WHAT YOU HAVE TO DO
Go to the line that contains "Left facing close" in the records below and repeat it, and each line after it, exactly through the end, omitting pictures.

DATASET RECORDS

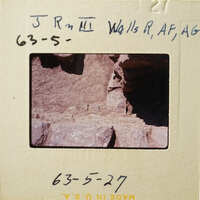 Rocky cliff with layers and crevices, photographed on film, dated May 27, 1963.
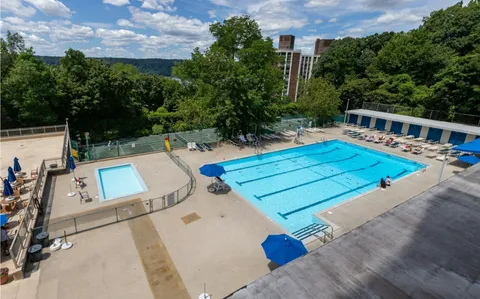 a terrace of a house with outdoor seating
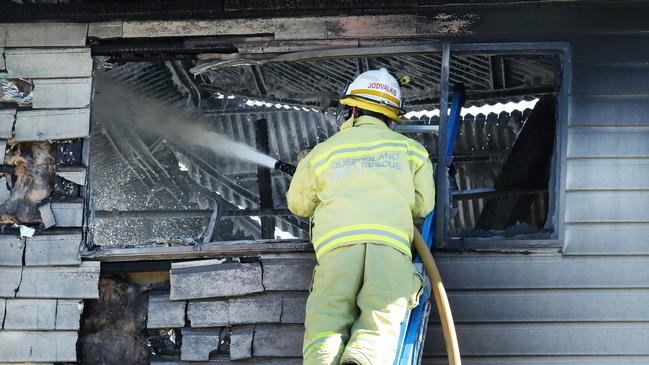 A firefighter fights the blaze at the newly renovated Wooloowin home. Picture; Liam Kidston.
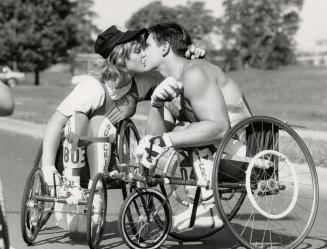One for the road. Ron Robillard, 23, the fastest wheelchair racer in the world, congratulates fiancee Marni Abbot, 22, with a smooch yesterday after h(...)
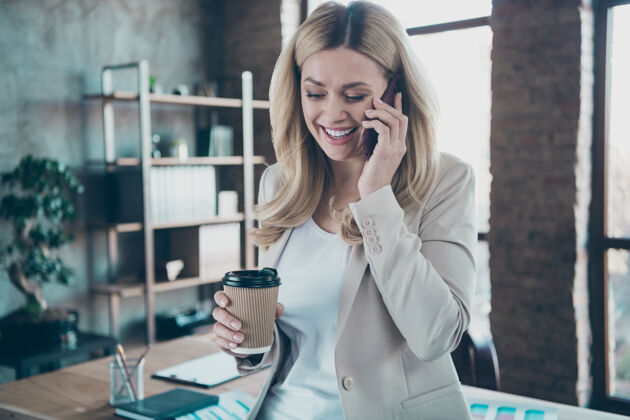 企业家商务女士手持电话杯交谈的照片成熟手机电话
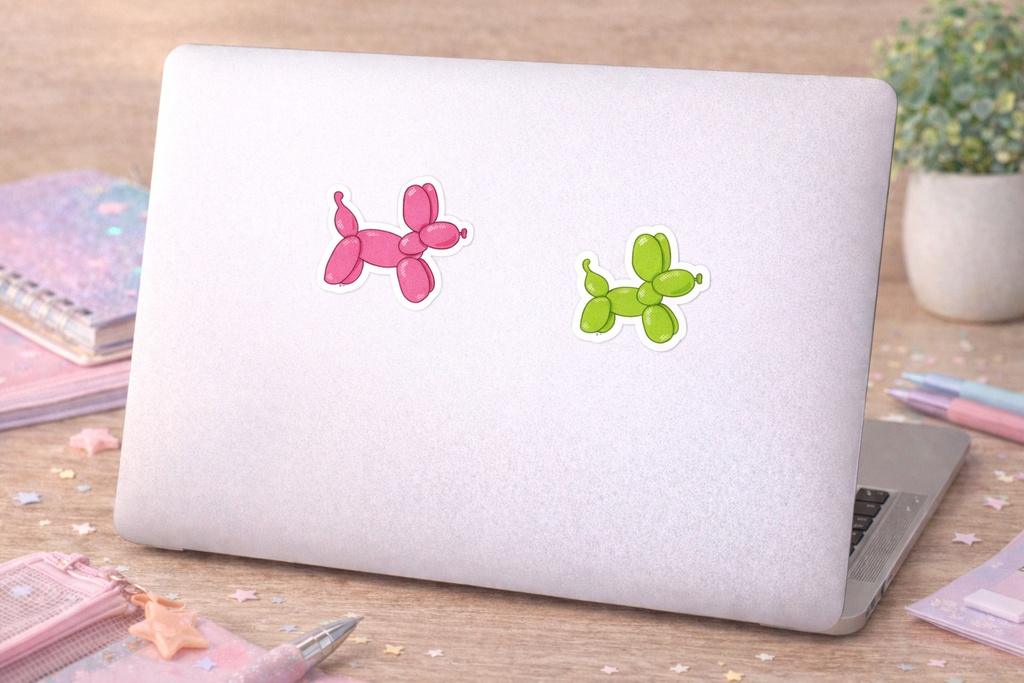 Laptop with pink and green balloon dog stickers on a wooden surface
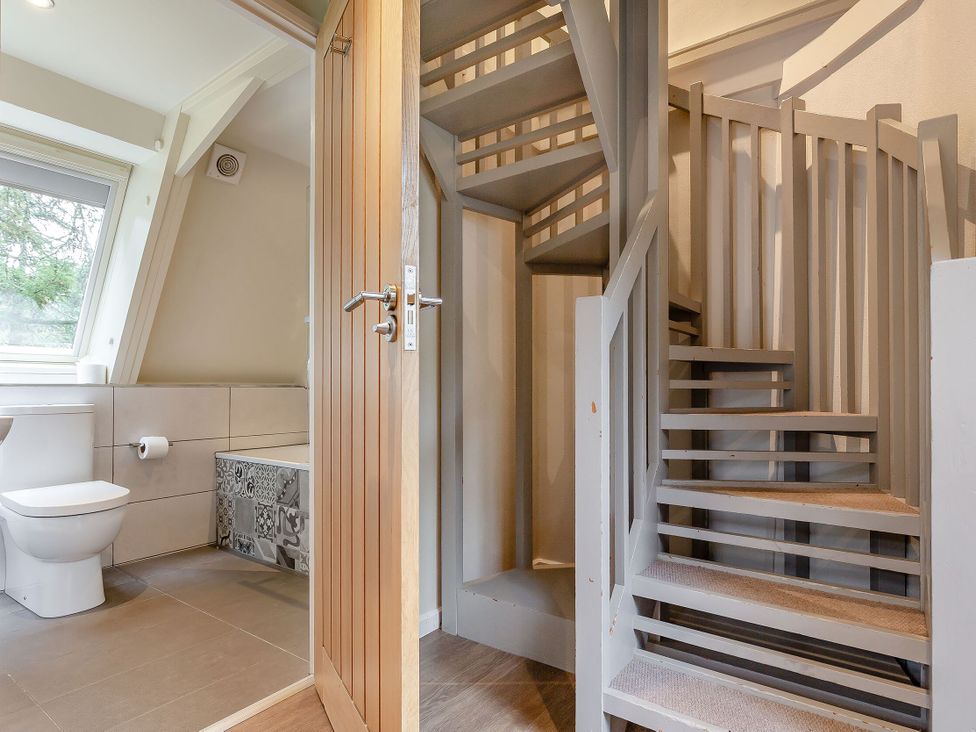 A bathroom with a toilet and staircase at St Ives Studio Spa in Praze-An-Beeble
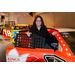A women standing next to a race car smiling.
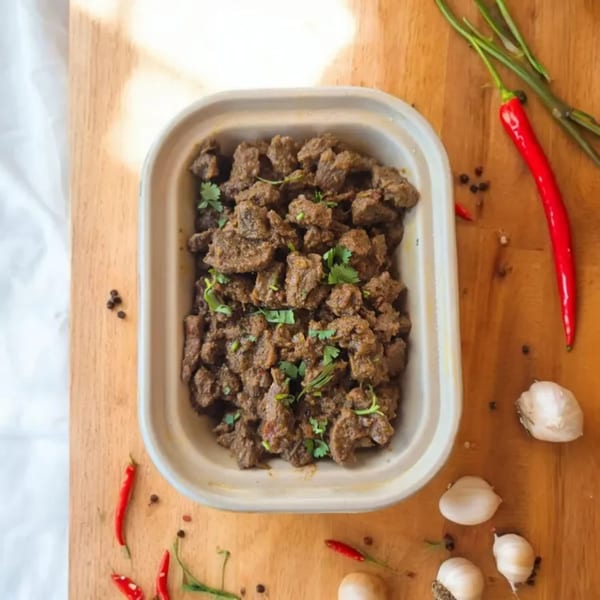 Indian beef fry in a takeaway container, garnished with cilantro, on a wooden board with chilies and garlic.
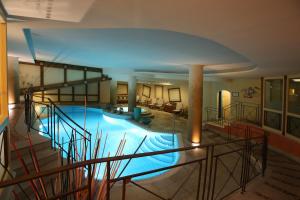 a large swimming pool in a large building at Alpen Suite Hotel in Madonna di Campiglio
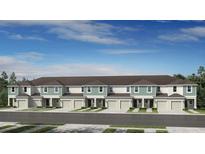 New townhome community showcasing multi-story units with attached garages and manicured lawns at 15184 Cuzcorro Ct, Nokomis, FL 34275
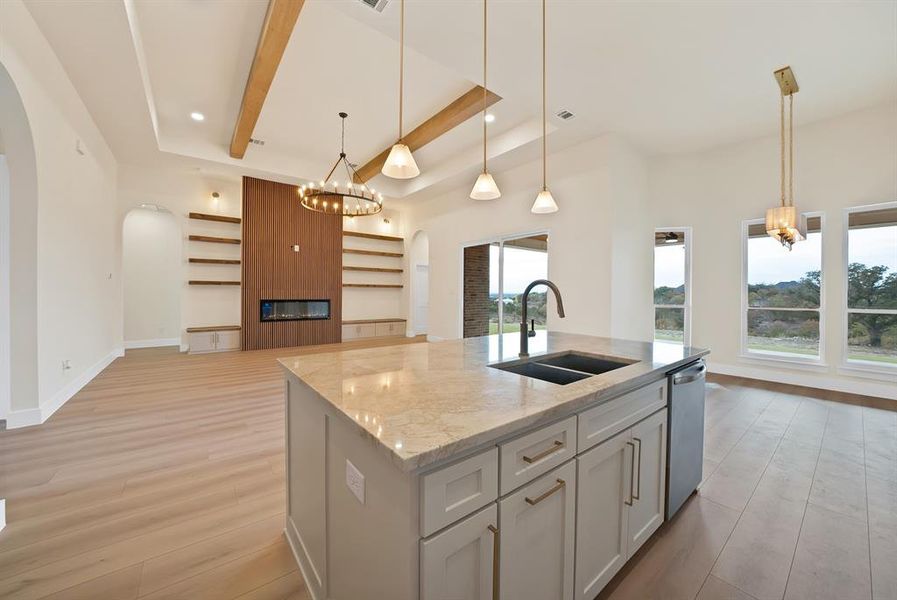 Kitchen with light stone countertops, a kitchen island with sink, arched walkways, light wood-style floors, and open floor plan Kitchen with light stone countertops, a kitchen island with sink, arched walkways, light wood-style floors, and open floor plan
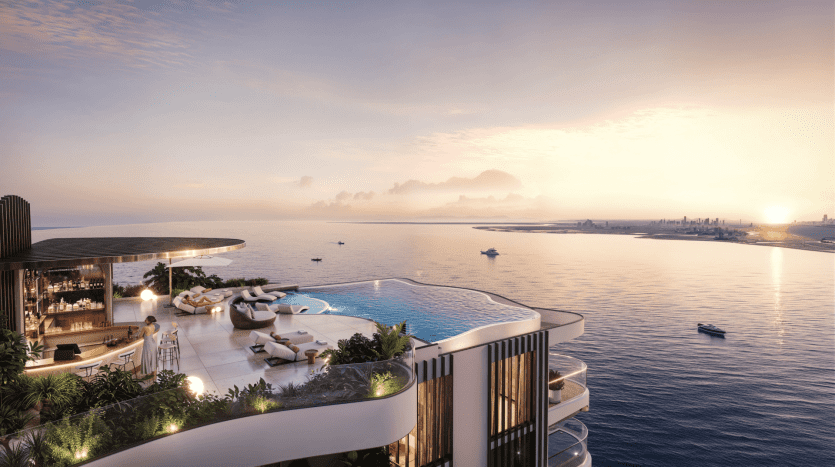 A luxurious rooftop terrace overlooking a vast ocean, complete with infinity pool, lounge area with sofas and tables, and lush greenery. The sun sets, casting a warm golden glow over the water. Boats can be seen in the distance, adding a touch of charm reminiscent of The Pier.
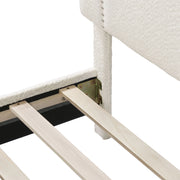 Left facing close up of the headboard and rails of a modern white boucle upholstered queen bed on a white background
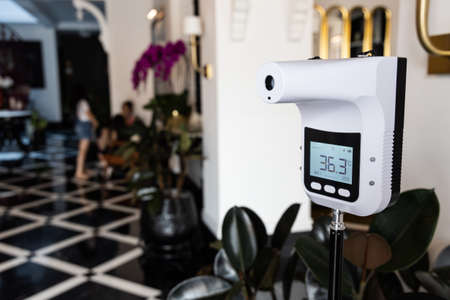 Infrared thermometer at entrance of commercial shop to scan visitor temperature as new normal requirementの写真素材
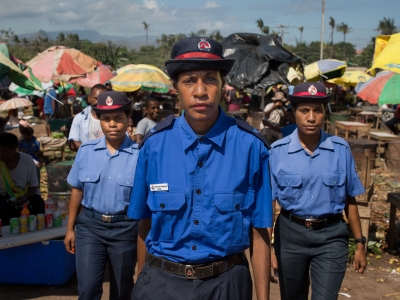 Female police officers walking through a market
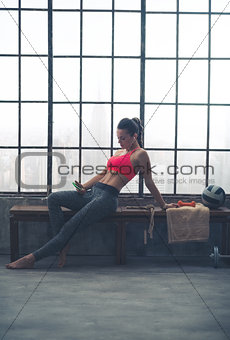 Woman reclining on bench selecting music in loft gym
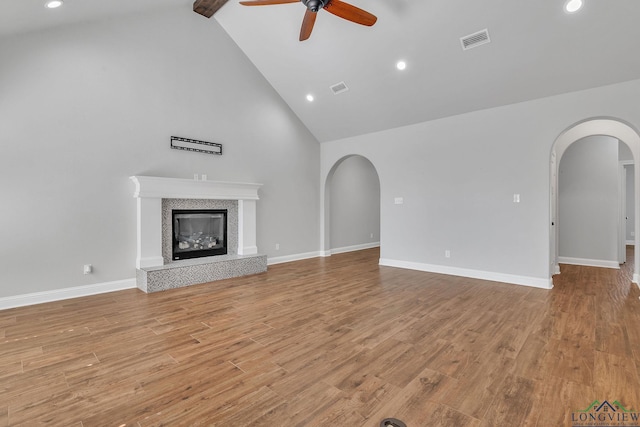 unfurnished living room with visible vents, arched walkways, ceiling fan, and high vaulted ceiling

FINAL ANSWER
 Left facing close up of the headboard and rails of a modern white boucle upholstered queen bed on a white background
 Infrared thermometer at entrance of commercial shop to scan visitor temperature as new normal requirementの写真素材
 Female police officers walking through a market
 Woman reclining on bench selecting music in loft gym
 unfurnished living room with visible vents, arched walkways, ceiling fan, and high vaulted ceiling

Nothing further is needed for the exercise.